Me abrió las puertas de su pueblo, confiando en mi saber hacer, en mi profesionalidad, dejándome trabajar con toda la libertad posible, con sugerencias, con propuestas, pero receptivo a mis opiniones y respuestas. Y me siento tan orgulloso como agradecido de haber podido trabajar en su casa, con sus vecinos, permitiéndome descubrir una localidad que desnococía y de la cual, desde estonces, me siento defensor, me siento -modestamente- parte integrante, porque en ella he forjado amistades y a ella acudo cada vez que necesito contacto con la naturaleza para despejar mi mente.
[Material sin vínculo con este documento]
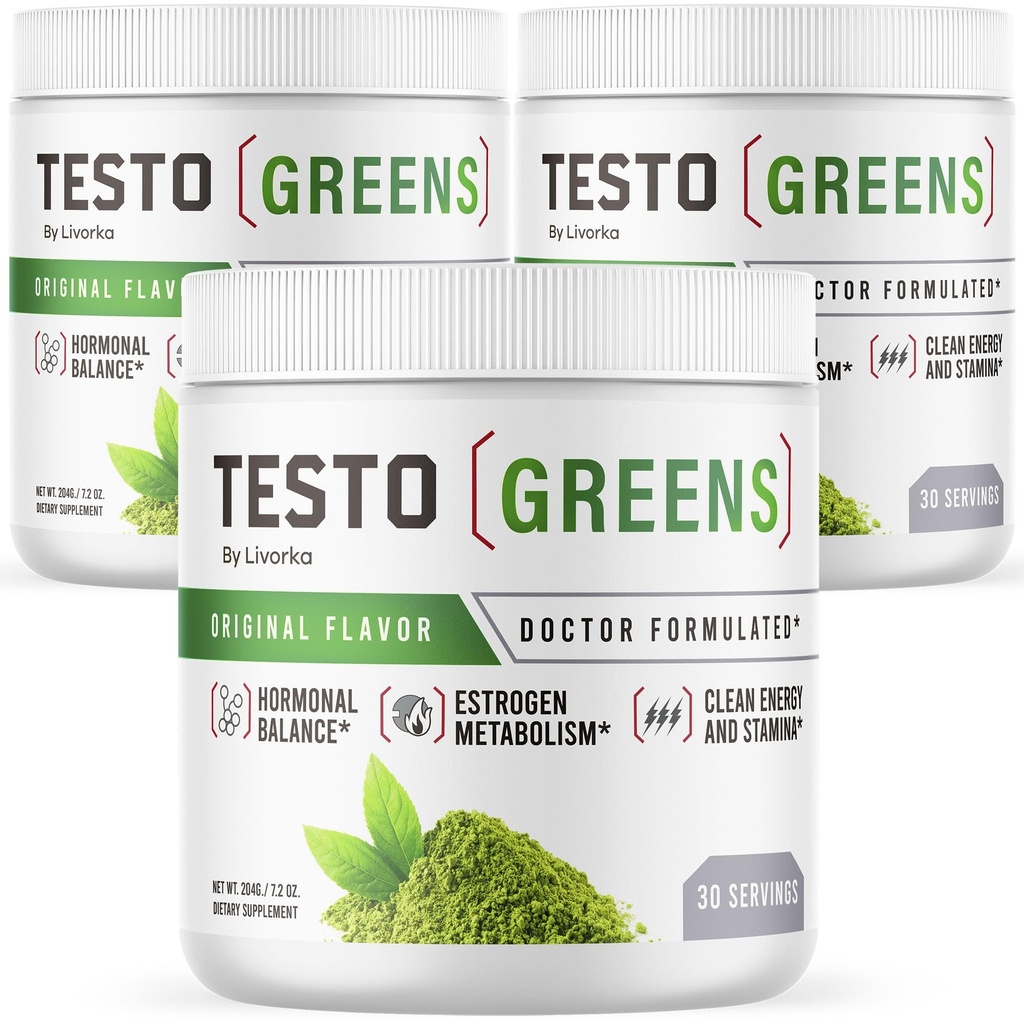 (3 Pack) Poudre Testo Greens - Testo Greens, Testo Greens Poudre, Testo Greens, Testo Greens Formule avancée, Testo Greens Toutes les formules naturelles, Testo Greens Poudre Reviews, 90 portions pendant 3 mois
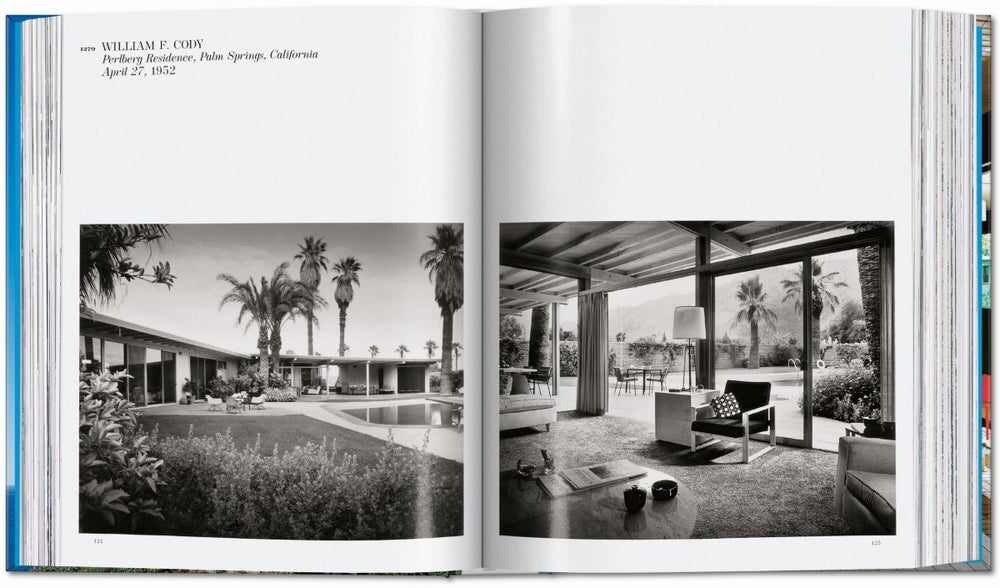 
                      
                        TASCHEN Julius Shulman. Modernism Rediscovered (German, French, English) - lily & onyx
                      
                    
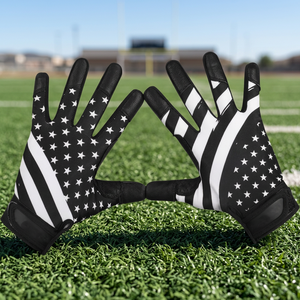 Venta Directa de Fábrica, Guantes de Béisbol de Piel Personalizados de Primera Calidad, para Mano Derecha, con Cierre de Velcro, Talla XL - Product Image 3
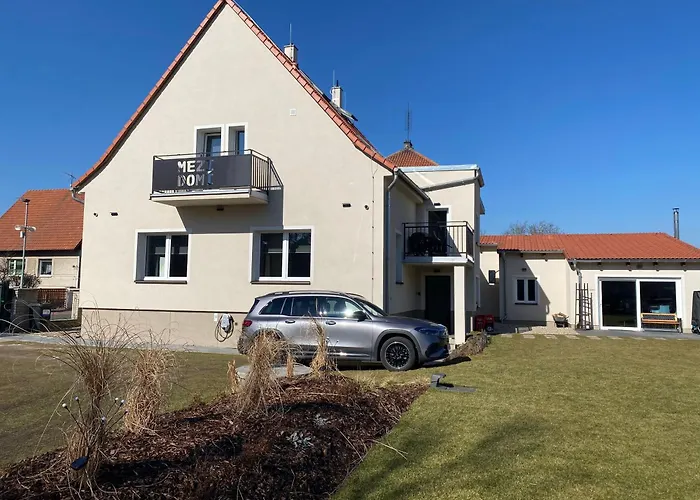 Appartement Mezidomi *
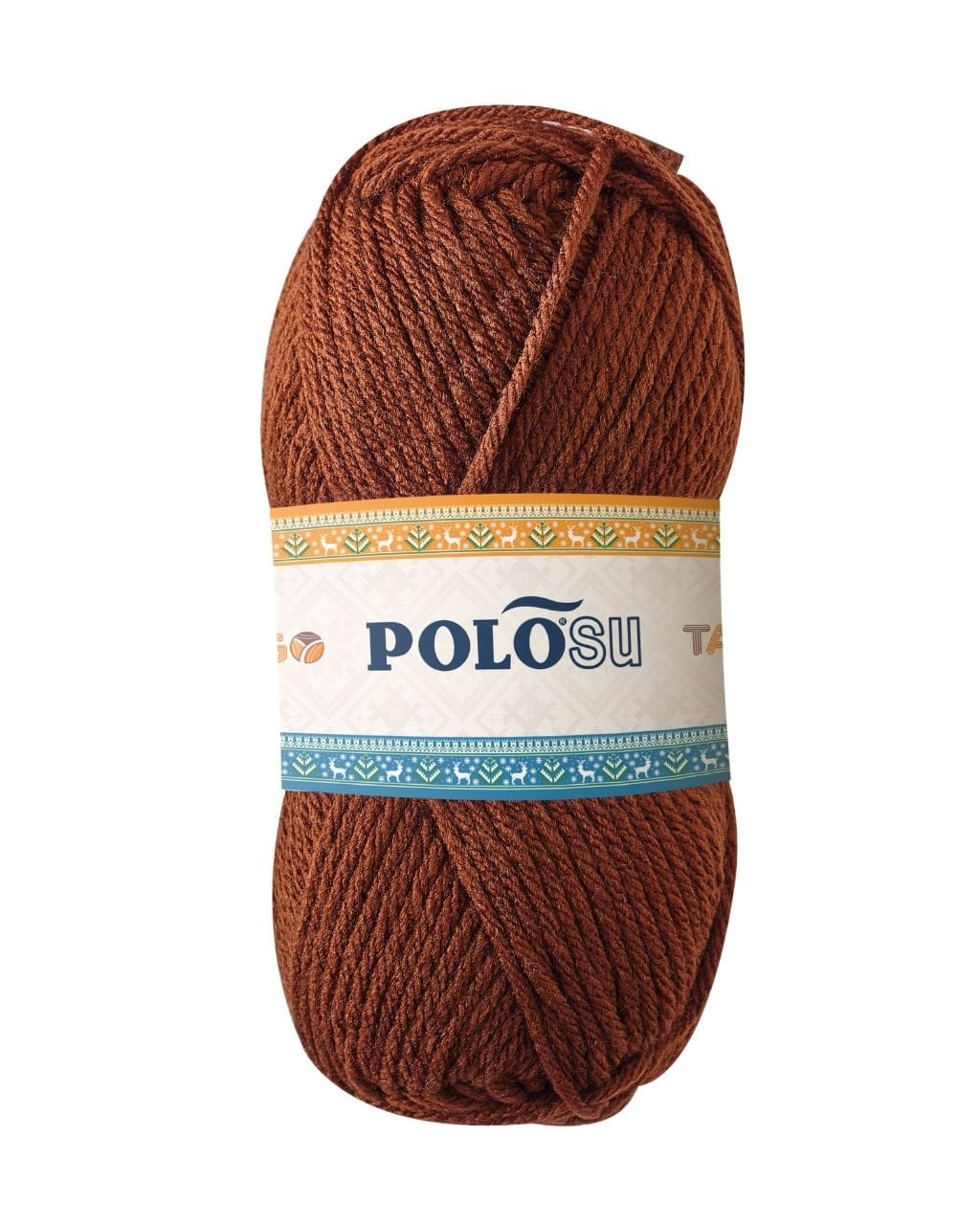 Tango Örgü İpliği 2238 - Koyu Kahve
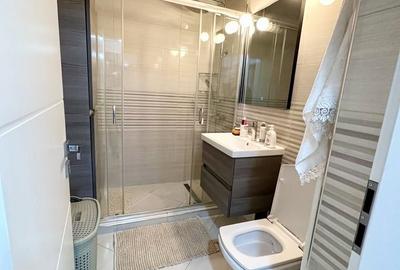 Apartament cu 2 camere decomandat în Sud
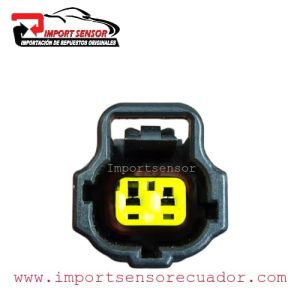 CONECTOR 2 PINES TEMPERATURA AGUA FORD-MAZDA Código:SOQ143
Un pueblo al que he pretendido devolver esa confianza con gratitud a través de una novela.

Recuerdo perfectamente, palabra por palabra, aquella reunión a la que me citó. «Víctor, ¿podes vir agora hasta aquí, que o alcalde ten que falar contigo?» Acudí acojonado a la llamada, pensando de camino qué podía haber hecho, en qué podía haberme equivocado o en qué podía haber metido la pata. Al llegar, me pasó a su despacho, donde me esperaba acompañado de un tipo enorme. Tragué saliva deseando salir de dudas. Dejaba su cargo. Quería presentarme al nuevo candidato, a la persona en la que delegaba la responsabilidad. Pero lo más importante, lo que me marcó e hizo que me costara aguantar la lágrima, fueron las palabras que me dedicó, con las que me agradecía los servicios que había prestado a su ayuntamiento.
No tenía porqué hacerlo; al fin y al cabo, era mi trabajo y yo cobraba por ello. Pero así era él. Humilde, entrañable. Nunca olvidaré aquello porque sus elogios y palabras fueron muy emocionantes para mí.

Recuerdo aquella anécdota que me contó, que describía muy bien su personalidad. Aquella de cuando se compró un traje en Coruña, aprovechando una de sus tantas visitas a la Diputación para hacer gestiones, porque en un comercio de Ferrol no se lo habían querido vender. «Creo que aquí no tenemos trajes para usted», le habían dicho con retintín en ese comercio casposo y rancio de ese Ferrol que, afortunadamente, poco a poco, va cambiando.

Así era Luco, Geluco o Angel, como le llamábamos, como lo conocían sus vecinos. Aquellos para los que no tenía horario, porque siempre estaba disponible para ellos, cualquier día y a cualquier hora. Es lo que tiene ser un alcalde cercano en un pequeño pueblo rural. Seguramente no era perfecto, porque ninguno lo somos, pero yo nunca le ví nada negativo, y conmigo siempre se portó como una excelente persona.

Por eso le dedico estas palabras. Es una putada que nos deje, porque se va uno de los buenos… y son muy pocos.

Que tengas la paz que mereces Sr. Alcalde.